For starters, let’s look at the most powerful Republican in the United States Senate, Mitch McConnell. Asked about the possibility of another shutdown at the next deadline in January, McConnell replied with a comparison to kicking a mule:
“One of my favorite old Kentucky sayings is there’s no education in the second kick of a mule. The first kick of a mule was when we shut the government down in the mid 1990s and the second kick was over the last 16 days. There is no education in the second kick of a mule. There will not be a government shutdown.
“I think we have fully now acquainted our new members with what a losing strategy that is,” McConnell added.
So, McConnell sees that the Republican Party got nothing. A number of his colleagues agree.
John McCain (R-Ariz.) called the government shutdown, “one of the more shameful chapters that I have seen in the years I have spent here in the Senate.”
His colleague Senator Ted Cruz partially agrees…for very different reasons:
“If you think about it, the House Republicans marched into battle. And it should have been the Senate Republicans riding like the cavalry to support them. If the Senate Republicans had stood united with the House Republicans, that's how we would have won this fight. Instead Senate Republicans were divided and became basically an air force dive-boming the House Republicans and conservatives.”
So Ted Cruz thinks that the Republicans in the United States Senate were too compromising. They should have been willing to let the government default. Cruz knows a thing or two about hostage taking: it only works if you are willing to kill the hostage.
Cruz’ Tea Party buddy Mike Lee agreed: “This is not over,” said Lee, promising more driving along the cliff’s edge. Lee added, “it’s always worth it to do the right thing,” even, apparently, if the right thing costs your country $24 billion for no gain.
Wisconsin Senator Ron Johnson was similarly defiant:
"America and its future generations suffered a loss today. President Obama and Harry Reid may claim a legislative victory, but they have proven, once again, they are more than willing to increase the debt burden on our children and grandchildren.”
And Ron Johnson proves, once again, that he doesn’t know what the debt limit is, that the deficit has been shrinking for years, or how damaging a government default would have been.

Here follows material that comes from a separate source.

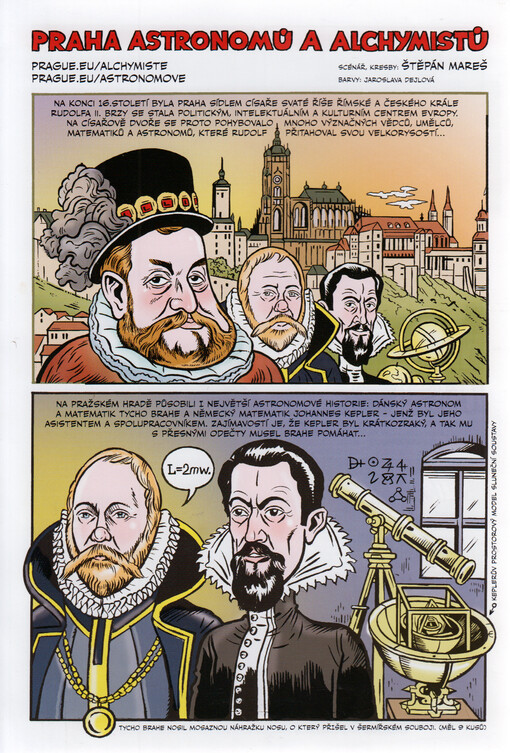 Praha astronomů a alchymistů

Let’s round this out with some meta-commentary from New Hampshire’s junior member of the United States Senate, Kelly Ayotte. Asked about people like Cruz, Lee and Johnson, who want to keep fighting this fight using these same tactics, Ayotte said:
“They have learned nothing from this….We’ve been asking from the beginning ‘what’s the end game? How does this end? How do you achieve what you are purporting to achieve on defunding Obamacare,’ and I never got an answer to that. I don’t think there still is an answer to that,” she said. “So if we learned nothing else from this whole exercise, I hope we’ve learned that we shouldn’t get behind a strategy that cannot succeed.”